Most of the high paying professions outside of software require the degree and that first job to break into them. Sure for banking and consulting it’s not a hard requirement, but it’s much harder to get into them with bad grades or a degree from a non-target school.
It’s really only in the software bubble where people are able to prove themselves to break into it, due to various factors including engineers being in very short supply relative to demand for over a decade now. Sure nobody asks for my grades now that I’ve been out of college for a while, but they still look at where I went to college (based on high school achievement) and my first job (based on college achievement) and subsequent jobs (much easier to get because of where I worked at my first job), etc.
I just see this argument as very tone deaf because there are hundreds of millions of us regular people out there, and academic achievement is the most surefire way to get noticed and be given opportunities if you aren’t lucky enough to come from an important/influential family.
It’s not only about the grades themselves but how they pipeline the rest of your career and credentials. Rich people can shmooze and scheme to get some of those credentials and opportunities for their kids without the grades, but not us regular folk.
I really wish I hadn’t bothered studying electrical engineering at a mid-tier school.
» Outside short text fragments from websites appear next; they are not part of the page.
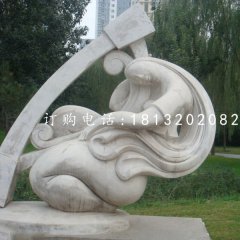 琴韻石雕，公園抽象人物石雕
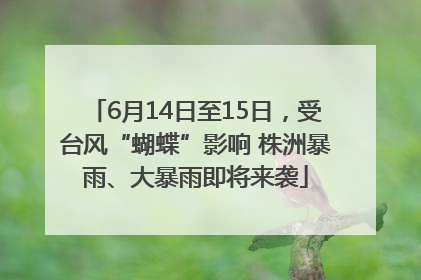 6月14日至15日，受台风“蝴蝶”影响 株洲暴雨、大暴雨即将来袭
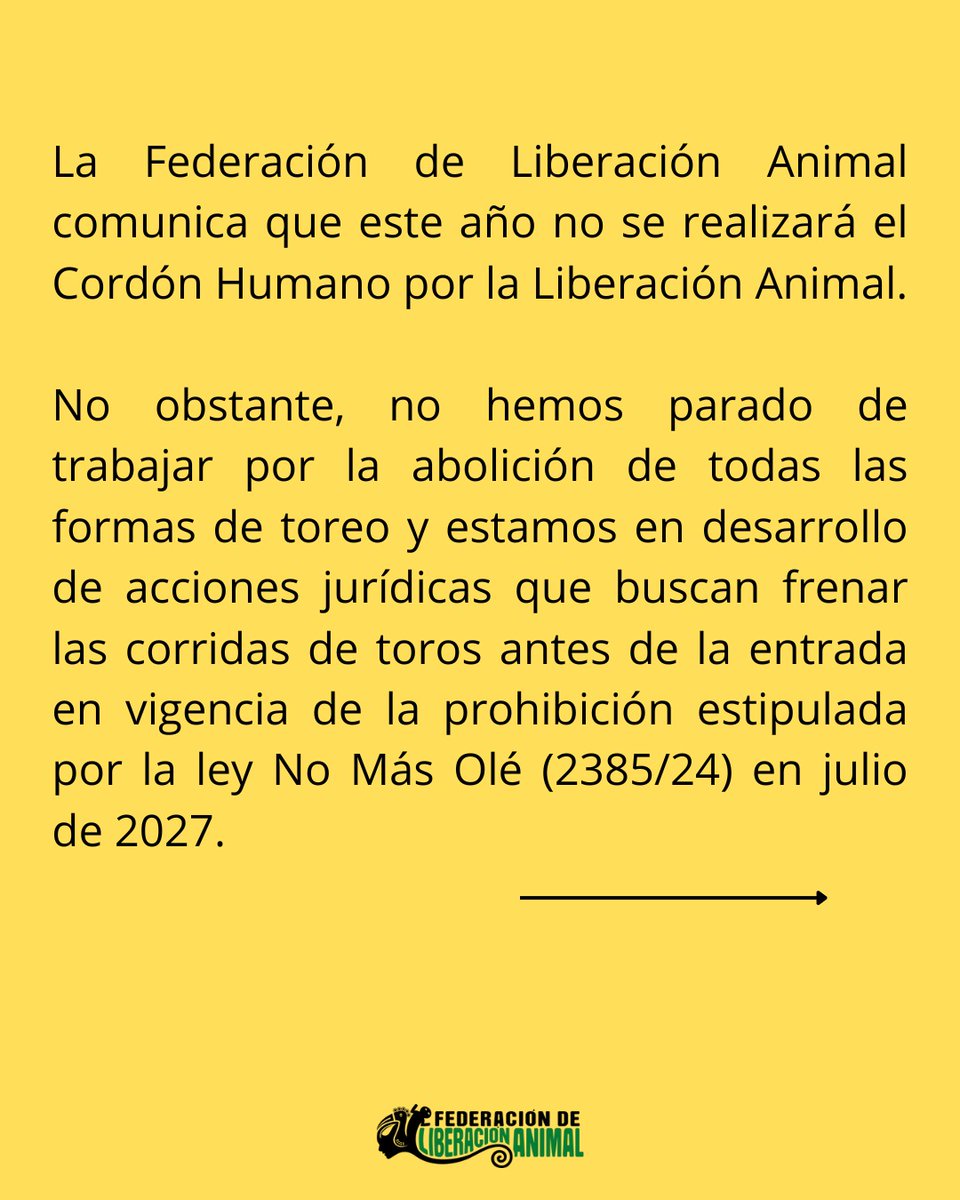 fdlanimal's tweet image. Comunicado
#CordónHumanoPorLaLiberación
There’s zero EE jobs available for that kind of graduate. You just can’t get recruiters to look at your application. Half of my graduating class is stuck doing self-taught DBA work for the local bank, telephone pole, or health insurance company. It’s so frustrating.
You are right: you can't get recruiters to look at such an application. This applies to CS as well, not just EE. They only look at the top 10 or so schools.
The trick is to get a job without a recruiter looking at your application. The only way they'll help you is to speed up the trip your resume takes to the bin. Your task is to bypass them.
However, once you get your first job in the Valley everything changes. Suddenly the very same recruiters will spam you with offers. They operate like web scrapers: ingest resumes from top 10 CS school grads OR employees of SV companies :)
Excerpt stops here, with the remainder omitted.